Data to examine section start

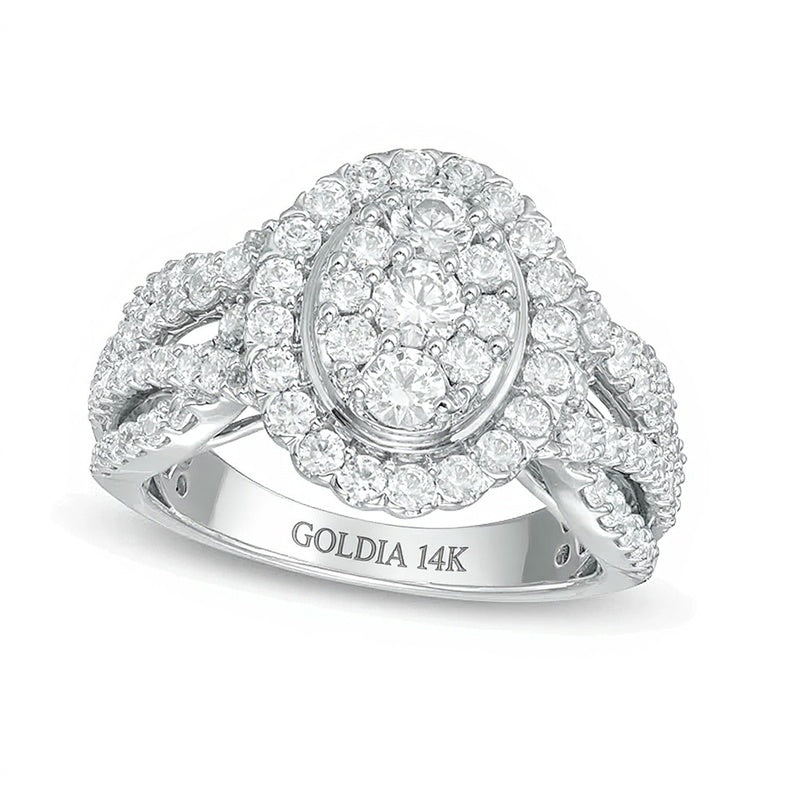 1.5 CT. Gesamtgewicht Komposit-Diamant Verlobungsring mit ovalem Rahmen aus 14K Weißgold
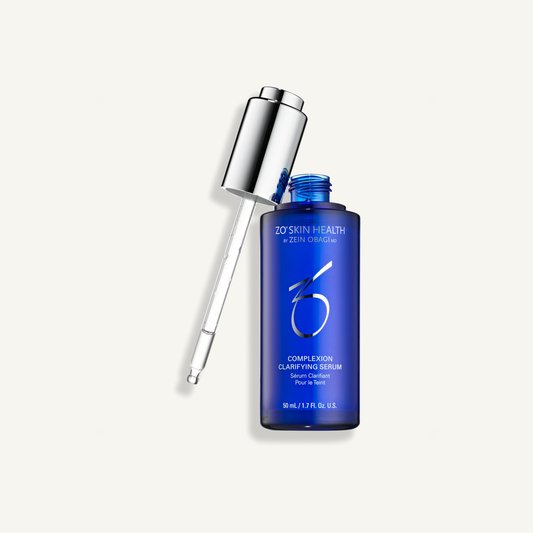 ZO Complexion Clarifying Serum on a warm cream background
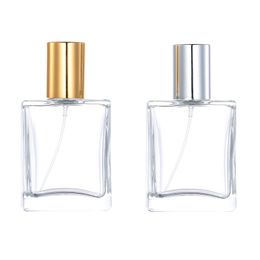 Nbyaic 50pcs Gold and silver straight cover square glass perfume bottle 30ml50ml100ml large capacity empty perfume bottle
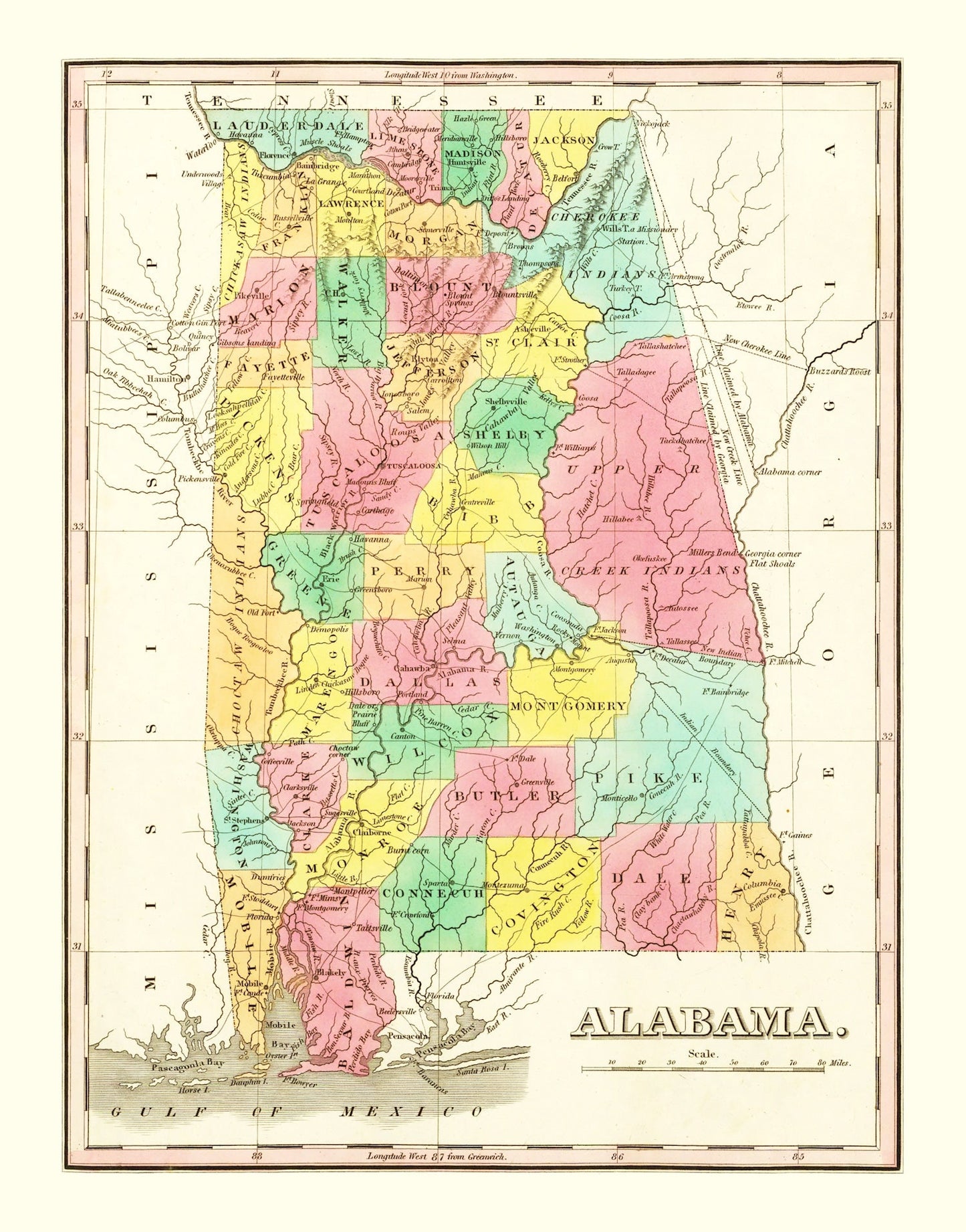 Vintage Map of Alabama 1831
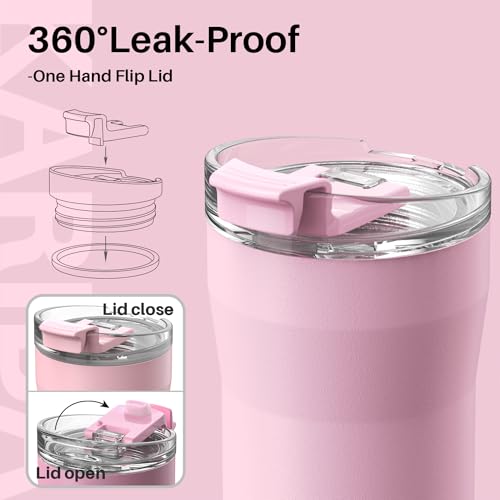 SANTECO Travel Coffee Mug 12 oz, Insulated Coffee Cups with Flip Lid, Stainless Steel Coffee Mugs Spill Proof, Double Wall Vacuum Tumblers, Reusable To Go Mug for Hot/Ice Coffee Tea - Pink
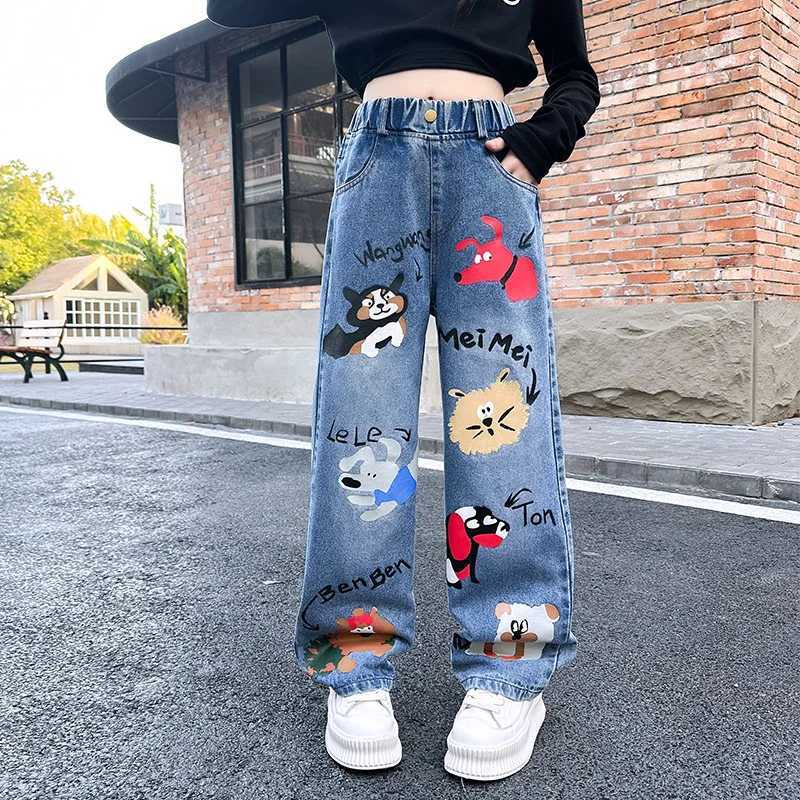 Teenage Girls Jeans New 2025 Cartoon Printed Elastic Middle Waist Loose Denim Trouser Spring Fashion Childrens Cute Wide Leg PantsT2502320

Data to examine section end

● **What is needed**: Transcribe the material above word for word; images do not belong in the copy.

● **Answer below**:
 1.5 CT. Gesamtgewicht Komposit-Diamant Verlobungsring mit ovalem Rahmen aus 14K Weißgold
 ZO Complexion Clarifying Serum on a warm cream background
 Nbyaic 50pcs Gold and silver straight cover square glass perfume bottle 30ml50ml100ml large capacity empty perfume bottle
 Vintage Map of Alabama 1831
 SANTECO Travel Coffee Mug 12 oz, Insulated Coffee Cups with Flip Lid, Stainless Steel Coffee Mugs Spill Proof, Double Wall Vacuum Tumblers, Reusable To Go Mug for Hot/Ice Coffee Tea - Pink
 Teenage Girls Jeans New 2025 Cartoon Printed Elastic Middle Waist Loose Denim Trouser Spring Fashion Childrens Cute Wide Leg PantsT2502320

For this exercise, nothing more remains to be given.